III.- Reflexiones y Conclusiones: 1. El ingreso a la embajada se basaría en un accionar consciente del riesgo asumido, pero con el objetivo de respetar la dignidad del país, defender los intereses del pueblo (afectado por los actos de corrupción) cumpliendo para el efecto las decisiones judiciales; frente a un gobierno extranjero enfocado en inmiscuirse en sensibles temas internos, alejándose su embajada del norte principal de su presencia, esto es, fomentar las buenas relaciones entre ambos países, violentándose, por tanto, el principio de no intervención; y, convirtiéndose la sede diplomática, en una suerte de guarida presta para utilizar al derecho internacional y la institución del  asilo como escudo para proteger a varios perseguidos de la justicia ecuatoriana, coincidentemente simpatizantes chavistas y de las tesis progresistas del grupo de  Puebla, y no obviamente, a los delincuentes derechistas, que también los hay. Lo cual, más allá de una lamentable intromisión, no deja de ser también una inaceptable provocación y falta de respeto al Ecuador y a su gobierno. 2. Glas no es un perseguido político, toda vez que no se le persigue ni por su pensamiento ni por supuestos inventados, sino por ser un prófugo, inculpado, con sentencias ejecutoriadas en dos juicios por delitos comunes -sin que haya cumplido la pena- relacionados con corrupción y  delincuencia organizada; siendo así, la acción inédita del gobierno ecuatoriano, marca un precedente en el sentido de que, hay decisiones fuertes, que tienen costos y repercusiones, pero comprensibles a la luz de la esencia de las intenciones (la del gobierno de AMLO proteger a delincuentes pasándose por alto las sentencias internas y forzando la institución del asilo, esto es fomentando la impunidad; y, la del gobierno ecuatoriano saltándose las formas, pero haciendo respetar el país y cumplir las decisiones judiciales en un tema tan trascendente como éste); dándose un choque jurídico diplomático entre la intromisión e impunidad vs la fuerza de la razón y de la justicia  junto con  la defensa de la  dignidad. 3. En este tema, quizás ambos países serían infractores del derecho internacional público, pero el Ecuador con el atenuante en función de su recta intención.

embajada-mexico-en-ecuador
Artículo de Gerardo Villacreces: «Entrar a la embajada de México: ¿hizo bien Ecuador?»

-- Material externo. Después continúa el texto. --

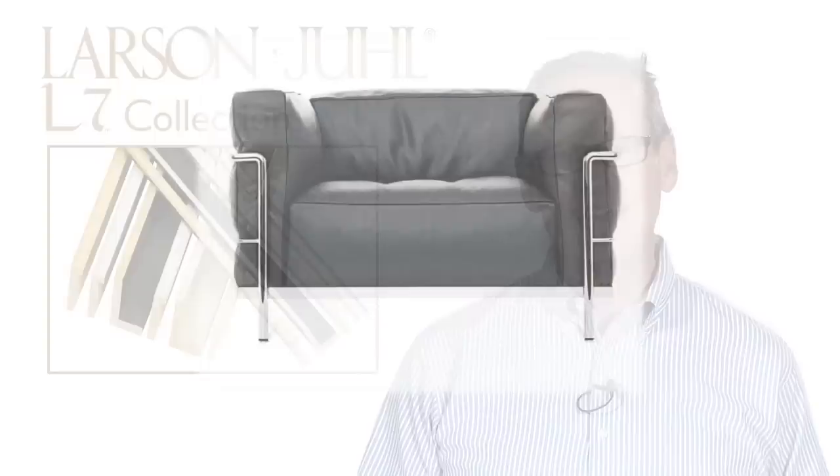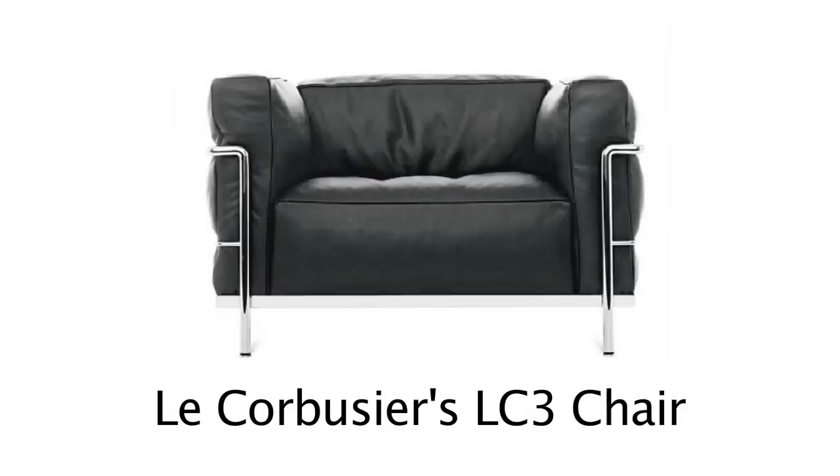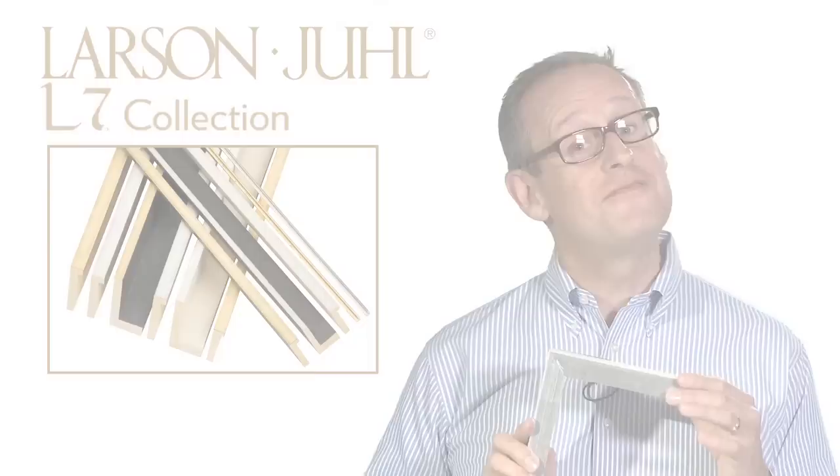L7 was inspired by the father of modern architecture, Le Corbusier in France. When he designed his furniture collections, he would number them L and a number, and we take that same inspiration for this collection.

4. En el orden interno, lo dado, generaría la rotura del pacto con el correísmo, y aclararía que el mismo no comprende impunidad; constituyendo un directo mensaje a la delincuencia, a los prófugos y/o misiones extranjeras, que pretendan abusar de sus privilegios diplomáticos, anteponiendo y valorando más el compadrazgo político socialista que el respeto a las leyes y decisiones judiciales internas. 5. Decisión compleja y valerosa, quizás inspirada en el principio de autodeterminación, alejada de los estereotipos jurídicos tradicionales de la diplomacia, pero cercana a los renovados principios y valores de los nuevos tiempos, y de manera particular en clara sintonía con la lucha contra la corrupción y del rescate de la dignidad de la nación.  6. El ingreso a la embajada, siendo forzada en las formas, llega a ser comprensible sino necesaria en el fondo, en función de la aplicación del Mal Menor, poniéndose Noboa del lado de la justicia y no de AMLO, decisión alineada y en consistencia con la prioritaria declaración de guerra a la delincuencia, que es un tema de supremo interés nacional. Por todas esas razones, Noboa actúo bien, con determinación y coraje; por lo tanto, debemos apoyar dicha delicada pero necesaria decisión.